Deux autres demi-journées pendant la quinzaine suivant la prise de fonctions afin de permettre :
– des observations de cours par le ou la professeure référente et par l’agente contractuelle,
– des temps de travail pédagogiques complémentaires (progressions, retours sur les premières séances, réflexions didactiques…).
Le ou la professeure référente est une enseignante volontaire qui doit se voir attribuer 9 HSE pour cette mission, en réponse à nos demandes de reconnaissance de son engagement.
Des formations complémentaires seront proposées en ligne (parcours M@gistère transversal spécifique) ainsi que des formations inscrites au Plan Académique de Formation, à l’initiative du ou de la contractuelle recrutée.
Les corps d’inspection seront mobilisés, notamment pour proposer des formations obligatoires, sur désignation et sur temps de travail (convocation).
Ce qu’en pense le SNES-FSU :
Le SNES-FSU insiste régulièrement pour la mise à disposition systématique aux nouveaux et nouvelles contractuelles du livret académique d’accueil (conditions de recrutement, rémunération, droits, obligations). afin de leur présenter leurs droits, et de leur faciliter la prise de poste. Il demande également une mise à jour de ce livret, la dernière remontant à 4 ans !!

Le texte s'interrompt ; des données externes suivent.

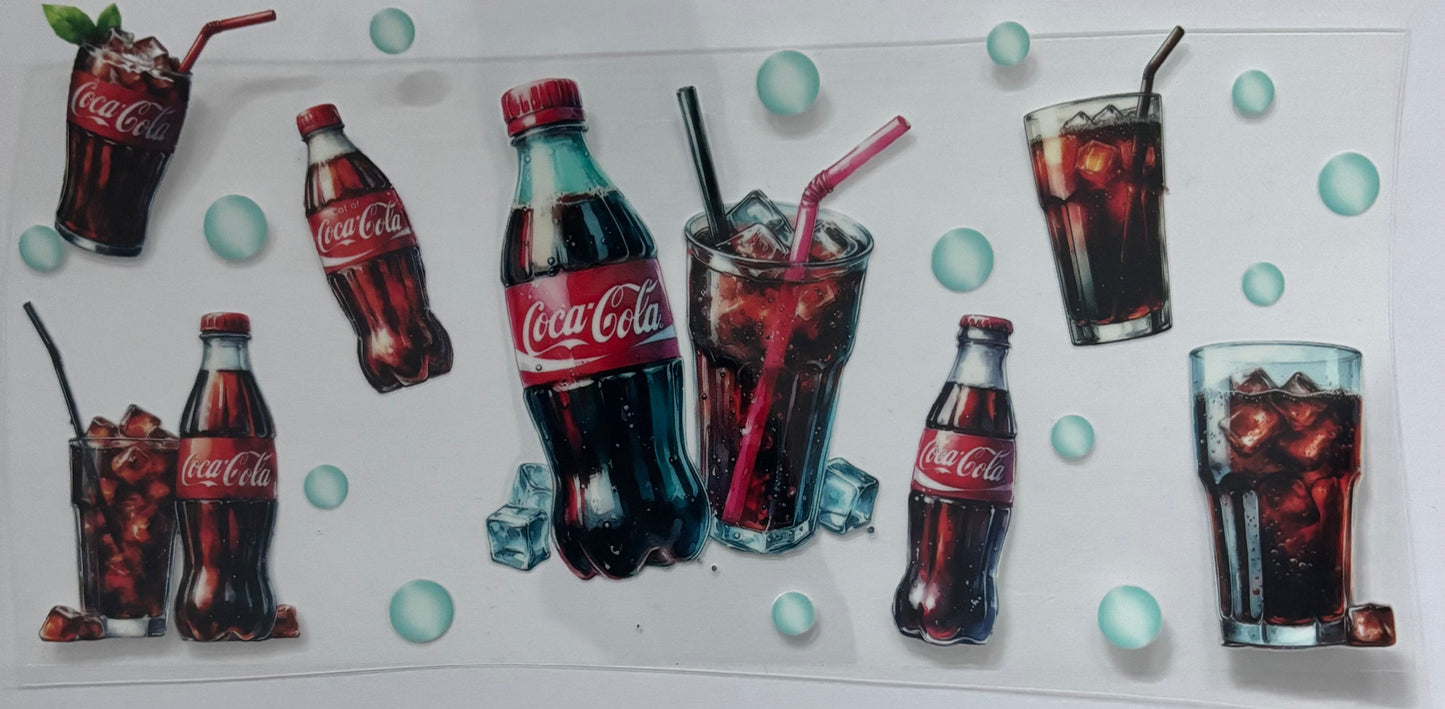 Drinks
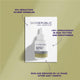 Skin Republic Matrixyl 10% Serum 30ml - Anti-Aging Solution – view 5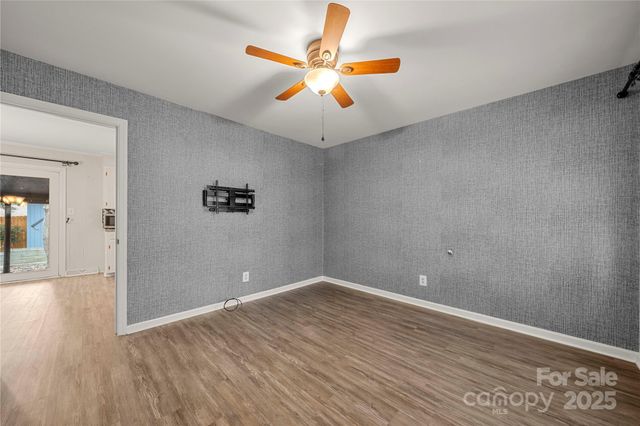 2311 Maplewood Drive, Gastonia, NC 28052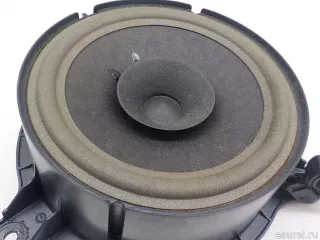 281440283R Renault Динамик Renault Megane 3 Арт E84705936, вид 2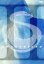 【中古】 YUMING SPECTACLE SHANGRILAII/松任谷由実 2,783円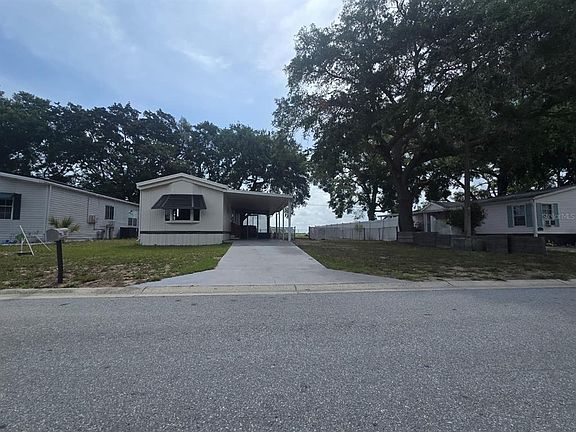2nd image of 1807 PAULINE DRIVE #279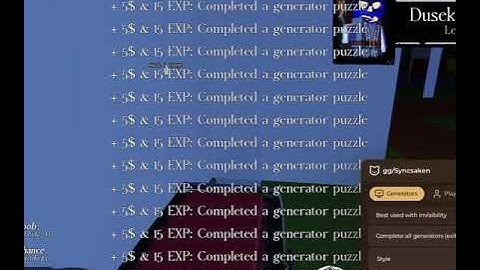 this is getting out of hand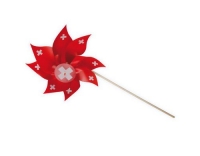 CH-Windrad 25cm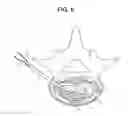 Fig. 07 - Method of implanting a curable implant material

Les militantes du SNES-FSU sont à votre disposition pour répondre à vos questions : nous écrire.
Formation Continue
Les non-titulaires ont accès à la formation dans les mêmes conditions que les personnels titulaires. Toutefois, leurs conditions de recrutement et d’exercice entraînent des difficultés supplémentaires pour en bénéficier, de par la durée des contrats notamment.
Le SNES-FSU a cependant obtenu l’engagement du rectorat à proposer aux contractuelles qui le souhaitent, un accompagnement et une préparation aux concours internes. Il revendique la possibilité pour les personnels engagés dans ces préparations de bénéficier de décharges de service rémunérées.